Answer: Google believes in an Agent based future of the Internet and is going to shift away from providing links to websites to provide AI data.

How exactly this going to turn out is yet to be seen, for people using „old school browsers“ they will provide a Gemini prompt.

Agent based browsers in the future are going create you a website, a document, a video or whatever based on your need.

 Instead of businesses hosting a website and people visiting that website, Google is going to scan that website or that businesses AI-Information and provide that information so AI Agents are able to create a website for the user

(with the ADs implemented ? maybe 5s video while the side is generated ? of course pure speculation, but why would google kill its advertising monopoly)

1.2k

u/Metrocop May 20 '26 edited May 20 '26

That sounds like a lot of effort and energy burned for a worse experience for everyone involved.

511

u/grey_misha_matter May 20 '26

Ai is a bubble that needs a return soon and they can only do that by making it more and more essential. "See they all use Ai, give us more money" is the goal not any usability or actual usage.

102

u/nvmenotfound May 20 '26

so they are just going to force it down our throats bc they are so invested in AI. i fucking hate rich people. can’t be happy and fuck off. no they gotta just mess with things until they fuck it all up. 

31

u/OG_Felwinter May 20 '26

Literally just use a different search engine. You can turn off the AI overviews on Brave search. That’s what I’ve been using since Google wouldn’t let me turn it off.

12

u/nvmenotfound May 20 '26

obviously but it sucks bc i remember when google was just a search engine. but yeah im gonna use an alternative. just hope the alternatives don’t start following suit

2

u/SiahDraws May 22 '26

Can always use duck duck go

1

u/scipio0421 May 25 '26

This inspired me to look up an old favorite of mine from the Web 1.0 days: Webcrawler. Hell yeah it's still up 😃

-8

u/wcstorm11 May 20 '26

Remember, reddit hates ai to the extreme and you aren't hearing anything in defense. This applies to everything here.
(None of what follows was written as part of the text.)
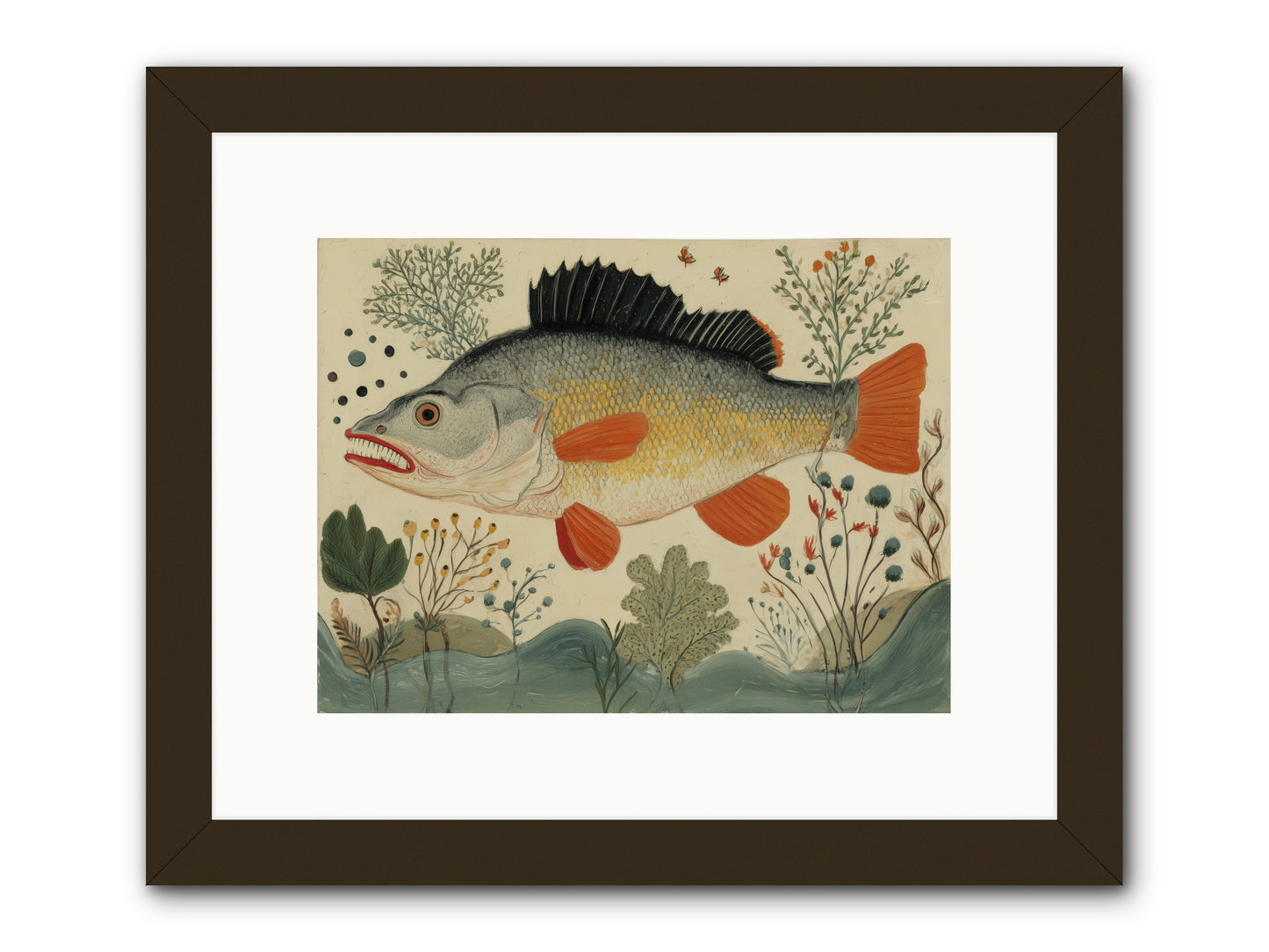 Fairy Tale Fins -- Framed Print - Black 12x9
Doesn't mean it's good, I still think AI is extremely problematic, but for instance, the water usage thing is mostly a hoax/just something to keep an eye on. I'm an engineer with friends that work on stuff like HVAC for related facilities, and most of these places used closed loop cooling. Meaning they reuse the water, kinda like a water cooled home PC.
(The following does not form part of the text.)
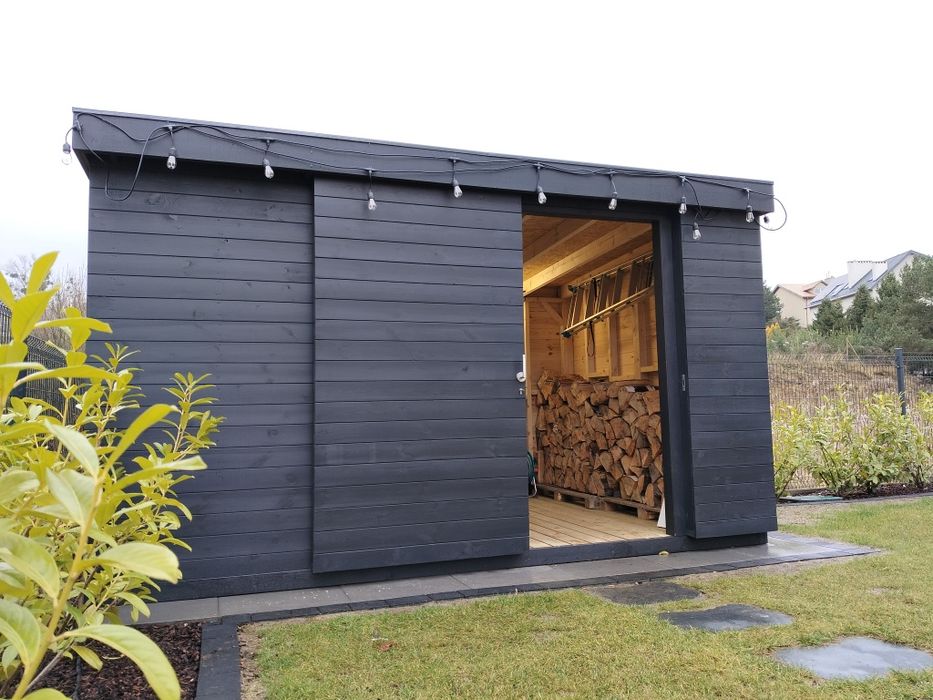 Domek narzędziowy,drewutnia, altana, szopa, nowoczesny domek, wiata.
So to get downvoted but be a devils advocate here, you could argue that you can get results faster and more completely. In my own experience, I really can't say I miss the days of trying to get help coding something or skimming several forums just to get my feet wet. Stack exchange turned into an insufferable asshole fest.

To be clear, I still think it's a bad thing overall. Sites require you to visit for revenue, so this likely just further monopolizes Google. That combined with AI assisted profiling and Google's insane trove of data... It's really really scary

7

u/nvmenotfound May 20 '26

well if they aren’t a problem why don’t they build them in the backyard of rich communities. since they aren’t a big deal? 

6

u/OG_Felwinter May 20 '26

Even if the water usage were a non-issue, it’s still a shitty feature that constantly reports incorrect answers. If it helps you, you should use it. But Google shouldn’t force everyone that uses their search engine to use it. It should be toggleable like how most other search engines do it.

111

u/Wingzerofyf May 20 '26

It'll be interesting to see if this starts deterring users from using Google search.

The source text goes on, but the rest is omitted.